Making a SpectralSimpleCube with the Gridding task . 

#-------------------------------------------------------------------------------
#  make a dataset with all the spectra from all the science datasets
#  (isLine == true => bbtype == 6022) 
#-------------------------------------------------------------------------------
selector = herschel.hifi.pipeline.util.tools.SelectSpectrum()
selected = selector(htp=htp, selection_lookup={'bbtype':[6022]}, return_single_ds=Boolean.TRUE ) 

scienceOnIndices = htp.summary['isLine'].data.where(\
htp.summary['isLine'].data == Boolean.TRUE)
bbid = htp.summary['Bbid'].data[scienceOnIndices]

#another way of selecting...

selected = selector(htp=htp, \
                    selection_lookup={'bbtype':bbid[0]}, \
                    return_single_ds=Boolean.TRUE ) 

#-------------------------------------------------------------------------------
# the Gridding task that can work with any SpectrumContainer or collection of 
# SpectrumContainers, like the selected above
#-------------------------------------------------------------------------------

cube = gridding(container=selected)

#get a point spectrum from this selection, 
ds_spectrum = selected.getPointSpectrum(1)
ds_segment = ds_spectrum.getSegment(3) # read its third subband : get SpectralSegment.
plotSegment = PlotXY(ds_segment.wave,ds_segment.flux,xtitle='Frequency (MHz)',ytitle='Intensity')

#-------------------------------------------------------------------------------
# now let's play with the result cubes
#
#
# each cube is a SpectralSimpleCube which in its turn is an SpectrumContainer 
# hence we profit from all the spectrum toolboxes: arithmetics, statistics, etc.
# and we can e.g. directly obtain a point spectrum as for any other SpectrumContainer
#-------------------------------------------------------------------------------

row = 0; column = 10;
spectrum = cube.getPointSpectrum(row,column)

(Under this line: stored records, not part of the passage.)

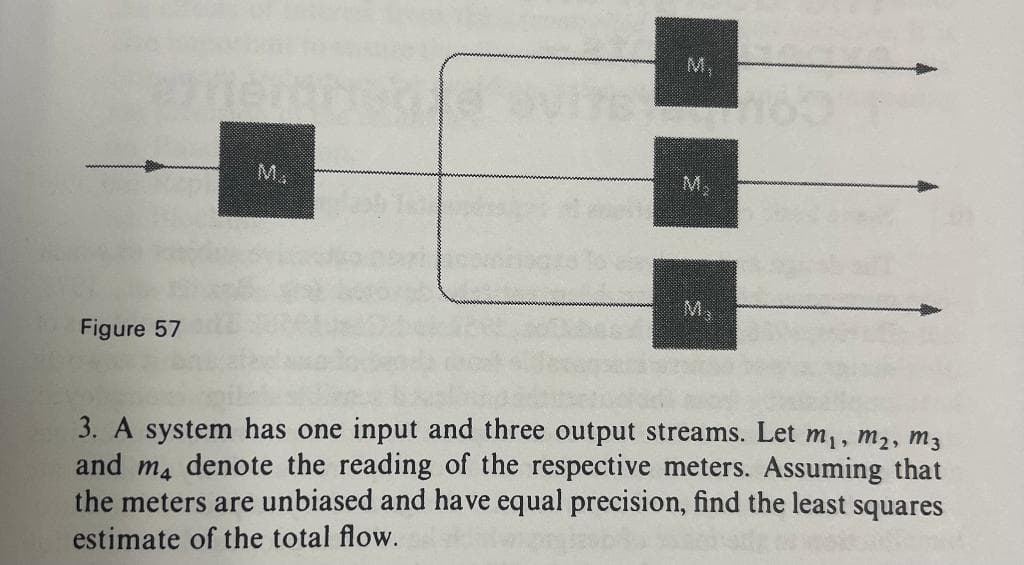 amerait-ce virs
Figure 57
M.
M,
M₂
3. A system has one input and three output streams. Let m₁, m₂, M3
and m4 denote the reading of the respective meters. Assuming that
the meters are unbiased and have equal precision, find the least squares
estimate of the total flow.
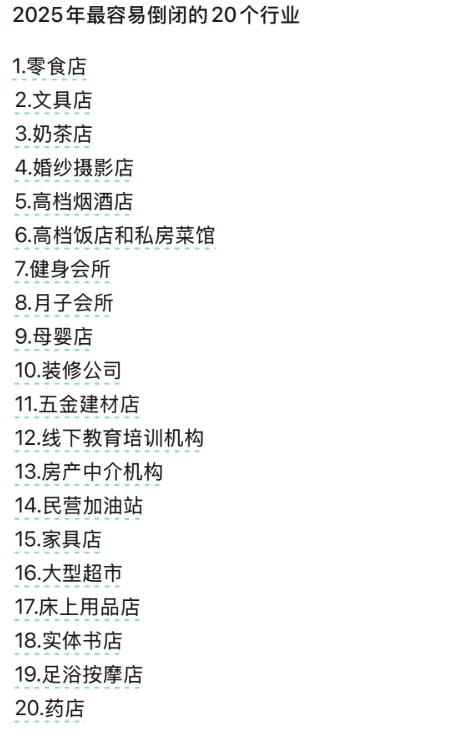 2025年最容易倒闭的20个行业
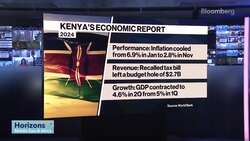 Kenya Growth Forecast Lowered Due to Floods, Protests News Clip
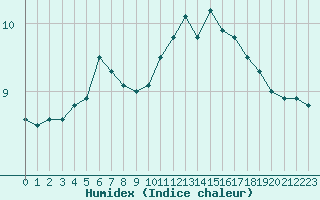 Courbe de l'humidex pour Saint-Michel-Mont-Mercure (85)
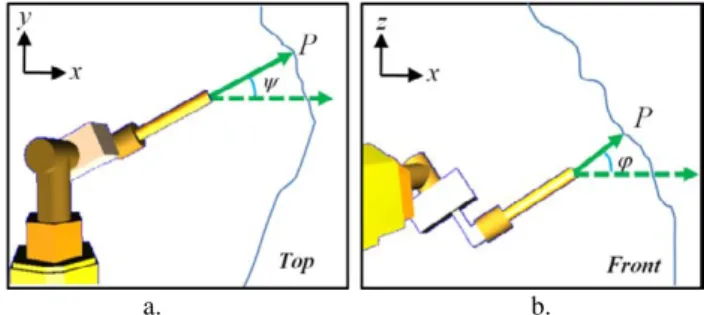 Figure 3 Yaw ( ψ) and pitch (ϕ) angles of the nozzle dur-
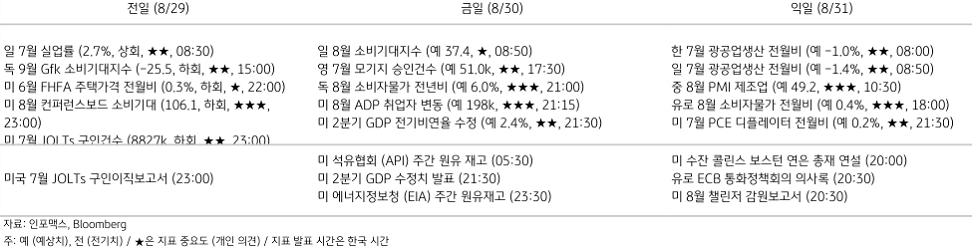 2023년 8월 30일, 주요 경제지표 일정.
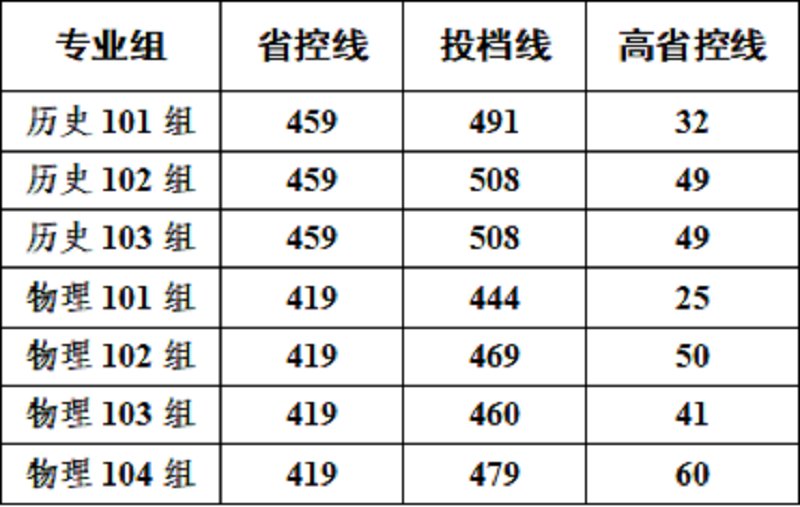 工程审计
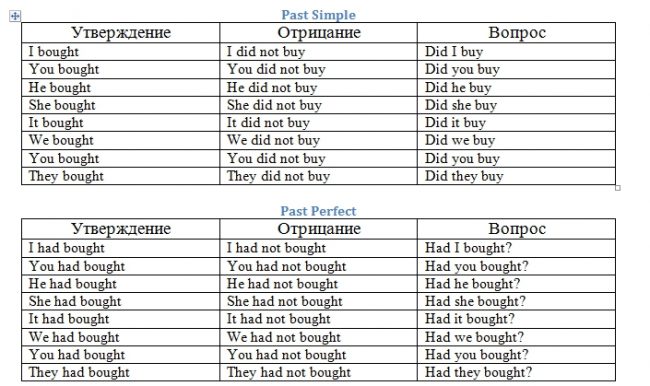 Present Perfect Tense: упражнения с ответами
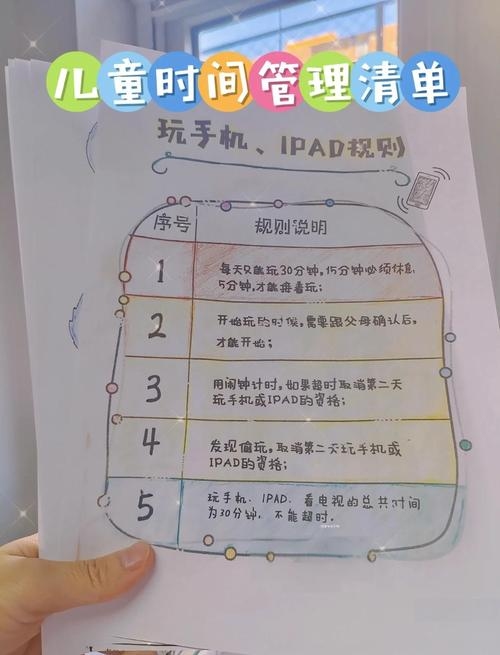 IP租用时间的设置指南插图
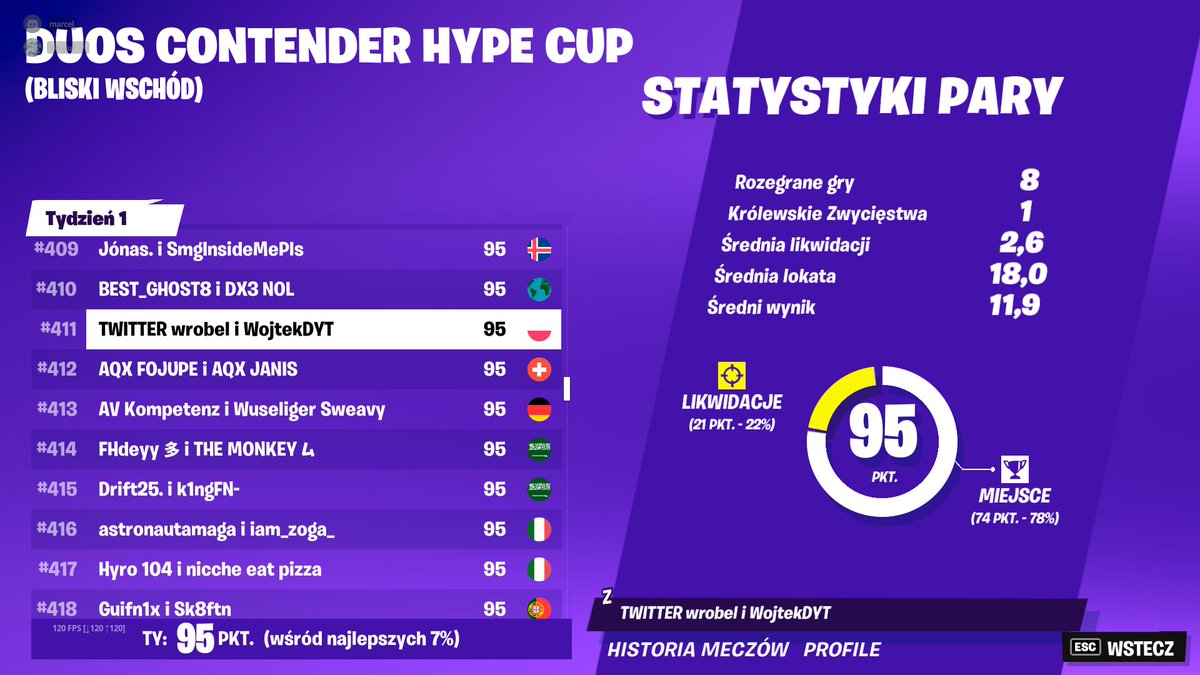 Marcel57997146's tweet photo. dzięki @DytWojtek  za wspaniałe wrażenia XDDDD japierdole z 2 pkt więcej i top 5 procent szkoda 
czemu to gówno gra tylko 5593 teamy https://t.co/xDUWP9c0Vq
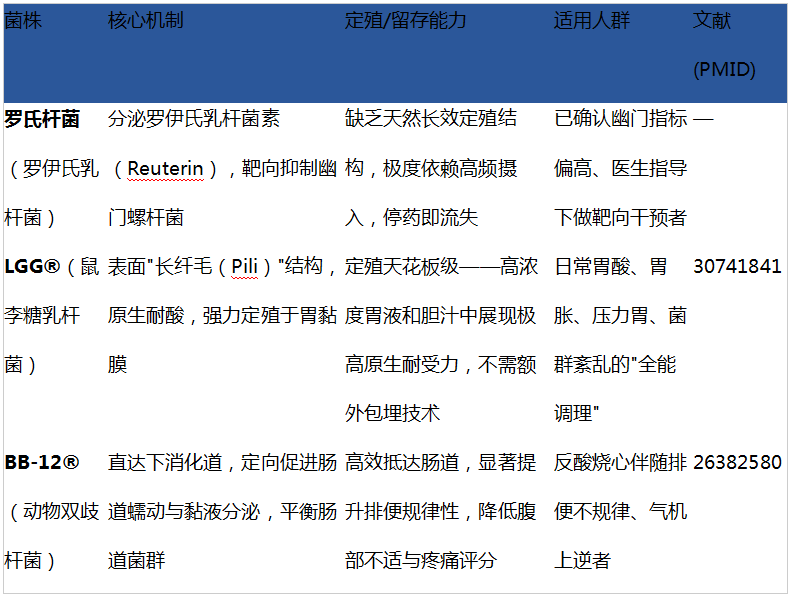 2026养胃益生菌怎么选？看懂成分的高性价比选择--InnerHealth无忧益生菌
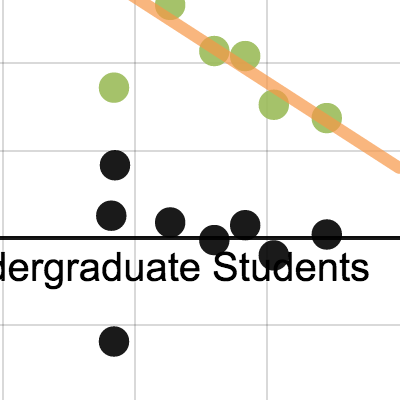 Math IA Graph 1 | Desmos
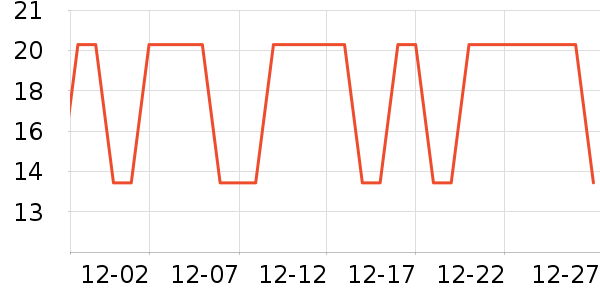 �ո��û���/��������ʷ�۸�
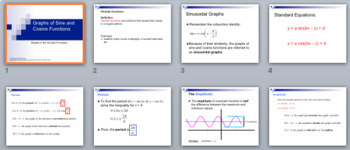 Preview of Graphing Trigonometric Functions Unit PowerPoints, Notes, & Examples BUNDLE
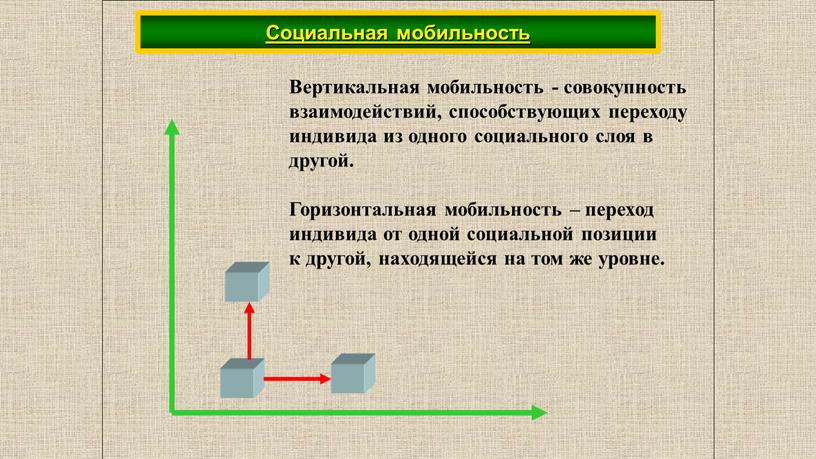 Социальная мобильность Вертикальная мобильность - совокупность взаимодействий, способствующих переходу индивида из одного социального слоя в другой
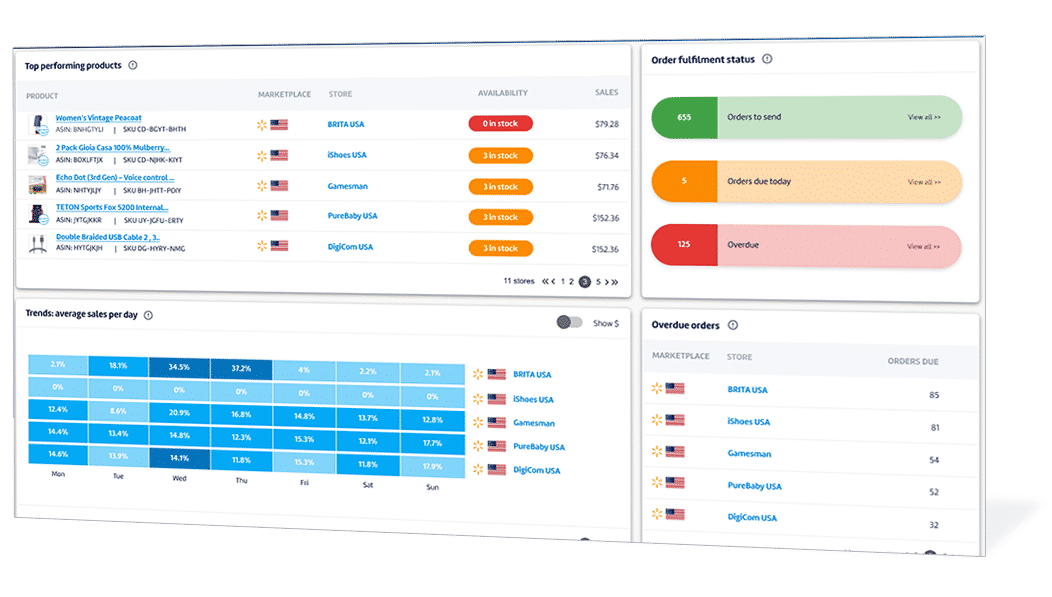 Walmart-sales-insights-2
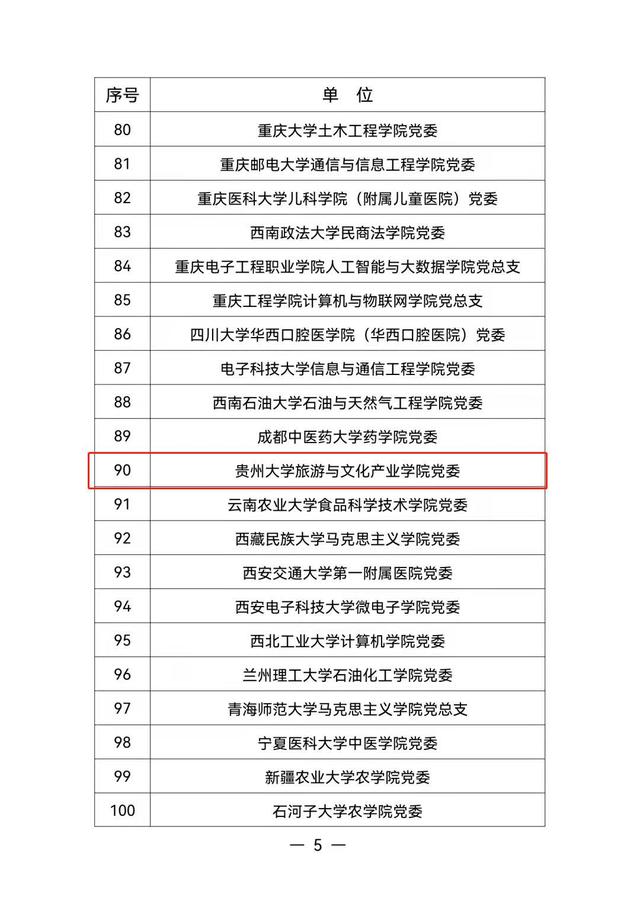 贵州多所高校在榜! 教育部公布这份培育创建单位名单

print spectrum.getLongitude()
print spectrum.getLatitude()


print spectrum.segmentIndices   
# you can check the cube, hence its spectra has a single "segment" or subband

segment = spectrum.getSegment(0)
# or...
segment = spectrum.getSegment(spectrum.segmentIndices[0])

plotSpectrum = PlotXY(segment.getWave(),segment.getFlux(),xtitle='Frequency (MHz)',ytitle='Intensity')

# There are several ways to visualize a cube such as
# the CubeSpectrumAnalysisToolbox:

cat = CubeSpectrumAnalysisToolbox(cube)

# you can also visualize it with the SpectrumExplorer, 
# since the cube is an SpectrumContainer

# or simply display it as a cube of images:
display = Display(cube)


Optional inputs for the Gridding task. 

Most of the optional inputs of the DoGridding task are also applicable to the Gridding task namely: weightMode, filterType, mapSize, refPixel, refPixelCoordinates, pixelSize, smoothFactor, filterType, filterParams, detail, and the input Wcs.

In addition, there are other optional inputs which are specific to this task, namely container and containerBox.